What the task requires: A faithful copy is needed of the lines below from the one with "Gorki List Proslava 2022 – Neka traje" up to and including the one with "2016 Ford Transit Connect Xl - Фото 5"; set it down with no pictures and no other lines.

Working data:
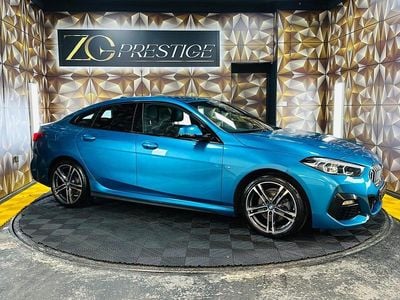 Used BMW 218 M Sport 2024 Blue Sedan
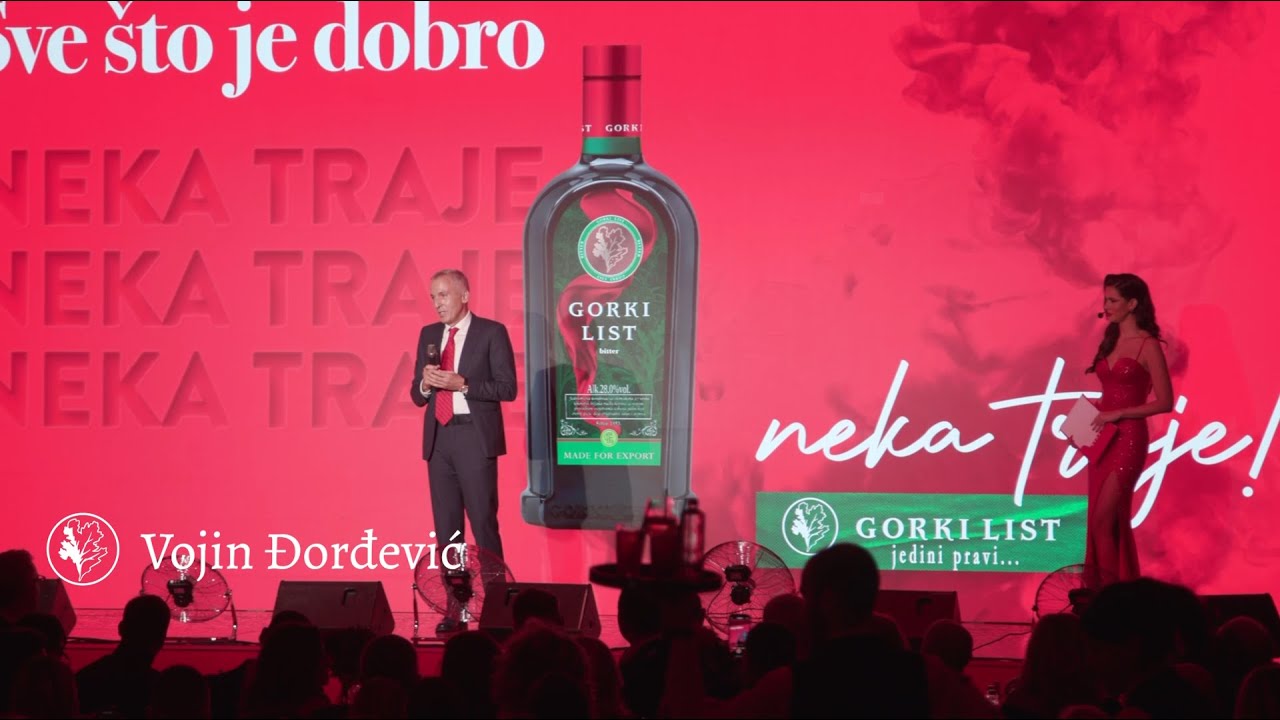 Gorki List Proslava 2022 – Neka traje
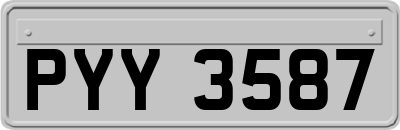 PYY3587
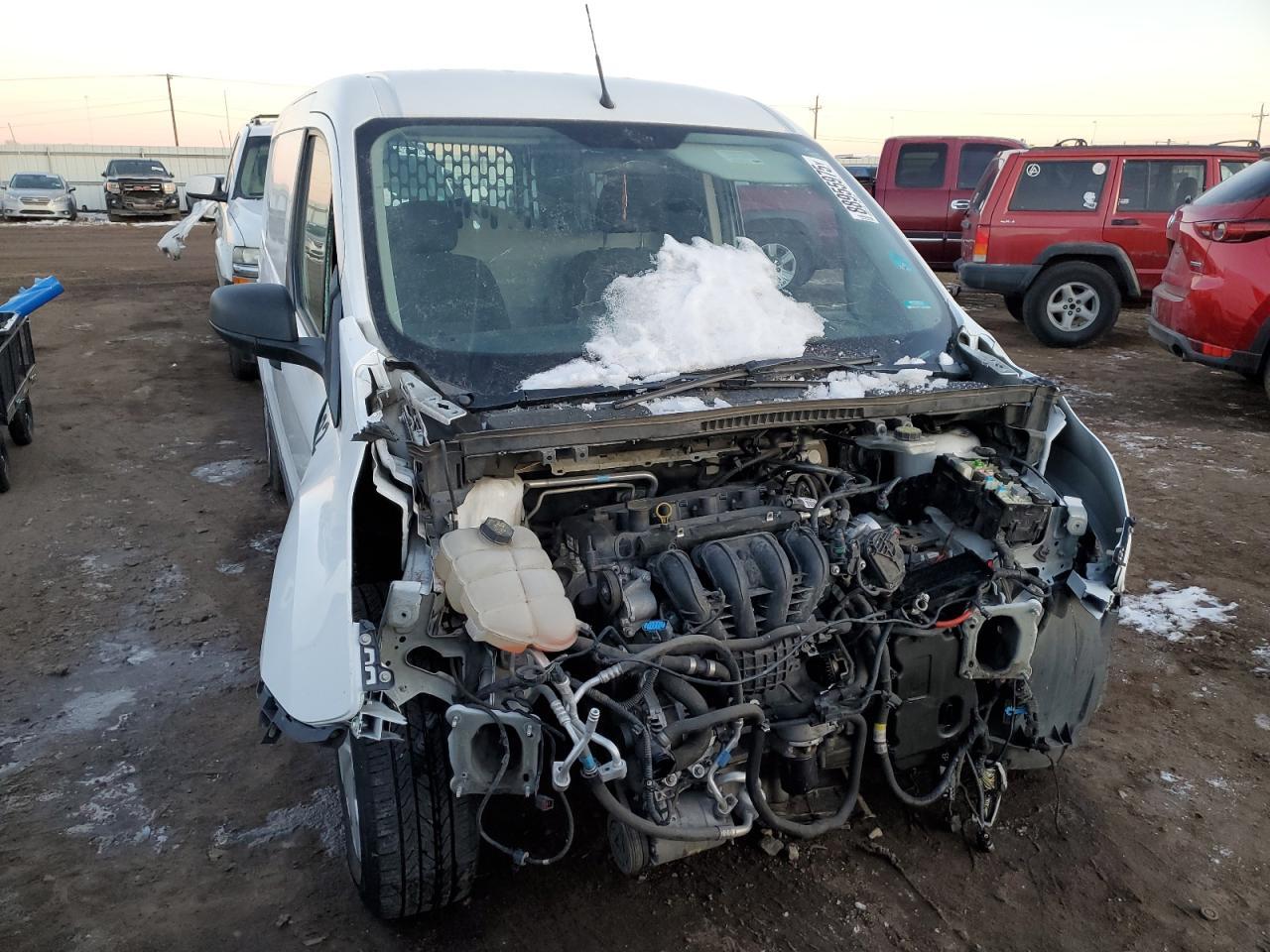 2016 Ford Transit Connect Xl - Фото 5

---

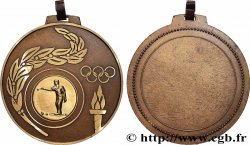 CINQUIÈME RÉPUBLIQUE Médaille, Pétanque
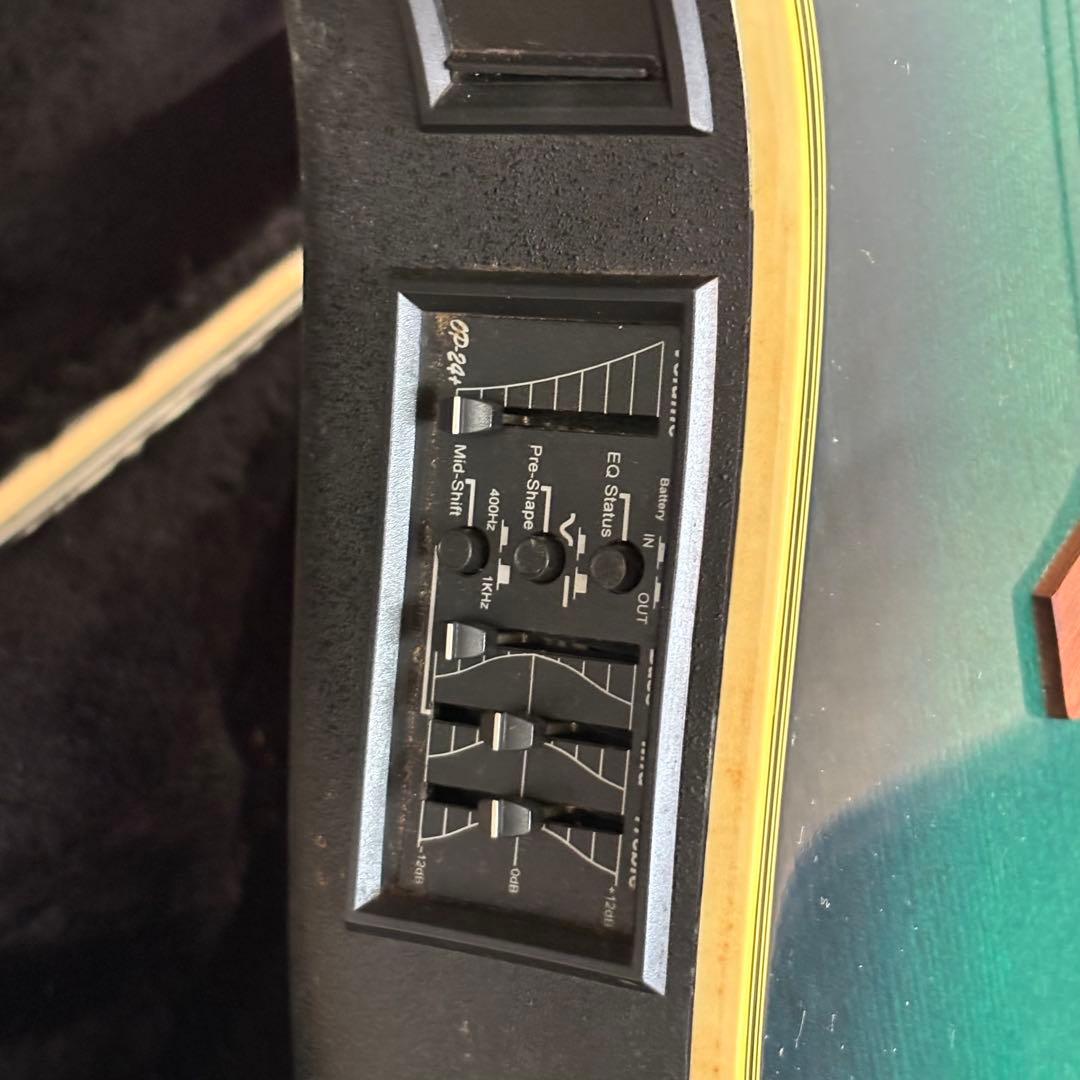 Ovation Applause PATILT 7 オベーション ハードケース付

Solution to this task:
 Gorki List Proslava 2022 – Neka traje
 PYY3587
 2016 Ford Transit Connect Xl - Фото 5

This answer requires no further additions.